What needs to be done: Say only how many lines in the entries below contain the word "Women".

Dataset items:
• • • • • • •

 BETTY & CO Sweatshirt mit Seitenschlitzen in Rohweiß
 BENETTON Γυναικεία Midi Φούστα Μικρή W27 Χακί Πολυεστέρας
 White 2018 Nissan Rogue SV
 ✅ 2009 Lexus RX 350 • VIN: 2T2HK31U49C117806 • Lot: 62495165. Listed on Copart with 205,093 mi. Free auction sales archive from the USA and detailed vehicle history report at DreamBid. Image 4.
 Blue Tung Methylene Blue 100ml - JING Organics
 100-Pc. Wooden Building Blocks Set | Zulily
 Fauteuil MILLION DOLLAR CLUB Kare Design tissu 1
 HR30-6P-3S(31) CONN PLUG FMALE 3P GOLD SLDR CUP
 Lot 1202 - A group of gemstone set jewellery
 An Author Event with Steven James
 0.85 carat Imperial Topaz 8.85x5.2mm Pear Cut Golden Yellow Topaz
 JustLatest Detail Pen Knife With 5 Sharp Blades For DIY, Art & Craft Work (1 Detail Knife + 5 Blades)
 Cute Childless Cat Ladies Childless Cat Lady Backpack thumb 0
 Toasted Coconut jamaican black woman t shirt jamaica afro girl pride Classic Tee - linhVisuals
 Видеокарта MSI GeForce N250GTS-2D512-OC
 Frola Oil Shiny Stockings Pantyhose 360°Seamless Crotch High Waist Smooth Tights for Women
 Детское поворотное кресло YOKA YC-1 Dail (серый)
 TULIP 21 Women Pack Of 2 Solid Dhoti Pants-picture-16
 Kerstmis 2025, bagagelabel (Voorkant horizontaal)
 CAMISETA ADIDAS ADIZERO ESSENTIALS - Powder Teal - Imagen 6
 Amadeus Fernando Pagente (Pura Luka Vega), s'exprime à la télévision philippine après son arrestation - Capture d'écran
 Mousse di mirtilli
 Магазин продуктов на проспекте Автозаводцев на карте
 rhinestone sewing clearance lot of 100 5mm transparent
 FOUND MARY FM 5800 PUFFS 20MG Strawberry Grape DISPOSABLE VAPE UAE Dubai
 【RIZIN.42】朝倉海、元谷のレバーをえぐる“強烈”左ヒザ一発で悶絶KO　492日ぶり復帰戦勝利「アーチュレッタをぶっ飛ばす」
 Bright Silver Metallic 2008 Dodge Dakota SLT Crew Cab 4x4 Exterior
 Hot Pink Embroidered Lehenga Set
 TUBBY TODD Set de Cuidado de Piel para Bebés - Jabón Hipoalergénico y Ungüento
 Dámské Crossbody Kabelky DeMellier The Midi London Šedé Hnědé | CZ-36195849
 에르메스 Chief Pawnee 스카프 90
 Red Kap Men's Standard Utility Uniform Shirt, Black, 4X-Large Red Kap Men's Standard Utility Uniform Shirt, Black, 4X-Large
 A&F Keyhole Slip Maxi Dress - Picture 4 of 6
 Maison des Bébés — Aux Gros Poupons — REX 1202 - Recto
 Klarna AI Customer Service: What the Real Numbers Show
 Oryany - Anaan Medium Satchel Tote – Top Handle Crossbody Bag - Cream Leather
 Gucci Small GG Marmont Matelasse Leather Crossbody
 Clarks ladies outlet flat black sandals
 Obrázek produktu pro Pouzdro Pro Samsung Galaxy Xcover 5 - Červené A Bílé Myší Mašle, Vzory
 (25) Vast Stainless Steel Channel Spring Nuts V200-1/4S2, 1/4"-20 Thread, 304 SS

• • • • • • •

Answer to this task: 2